Brief:
Take the lines below from the one with "OEM Custom Part" through the one with "Kia Sorento 1.6" and retype them exactly. Include nothing else, and no pictures.

Input material:
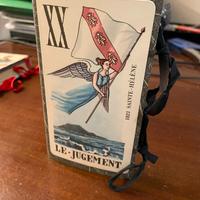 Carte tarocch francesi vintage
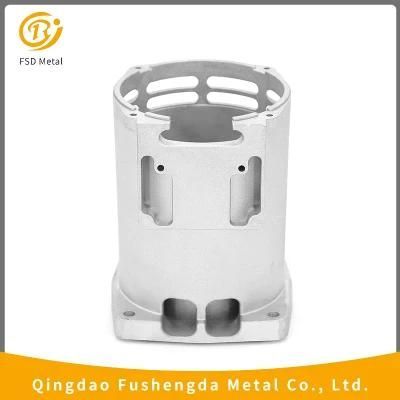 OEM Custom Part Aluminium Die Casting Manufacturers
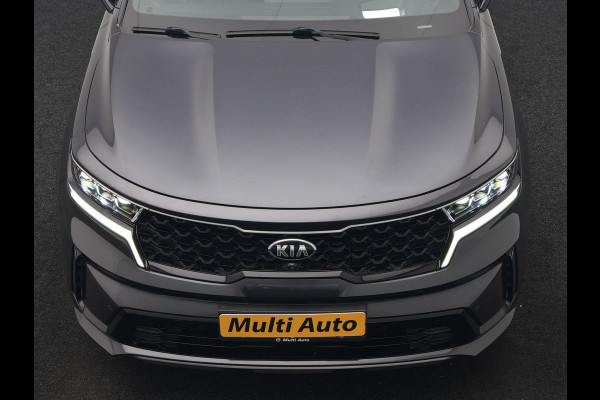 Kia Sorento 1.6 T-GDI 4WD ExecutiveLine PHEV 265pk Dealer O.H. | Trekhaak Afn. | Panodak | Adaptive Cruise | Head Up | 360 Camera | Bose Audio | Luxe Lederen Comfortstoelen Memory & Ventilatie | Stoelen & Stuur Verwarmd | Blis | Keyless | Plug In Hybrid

...

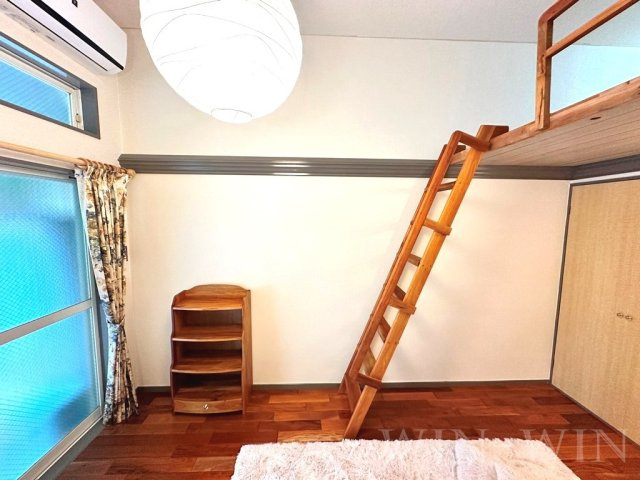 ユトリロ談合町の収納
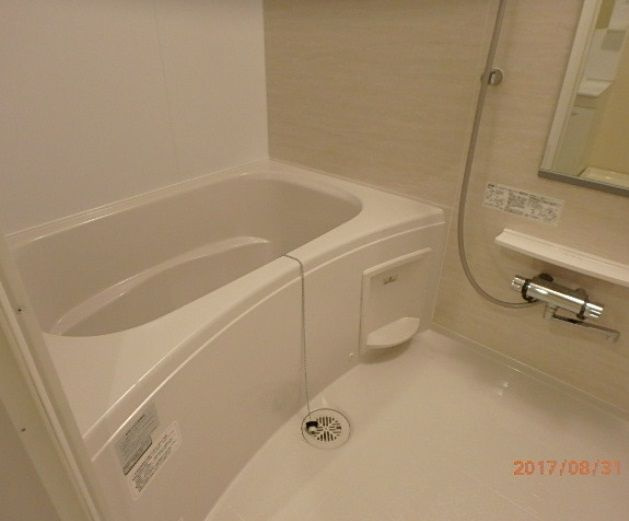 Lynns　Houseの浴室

Result of the exercise:
 OEM Custom Part Aluminium Die Casting Manufacturers
 Kia Sorento 1.6 T-GDI 4WD ExecutiveLine PHEV 265pk Dealer O.H. | Trekhaak Afn. | Panodak | Adaptive Cruise | Head Up | 360 Camera | Bose Audio | Luxe Lederen Comfortstoelen Memory & Ventilatie | Stoelen & Stuur Verwarmd | Blis | Keyless | Plug In Hybrid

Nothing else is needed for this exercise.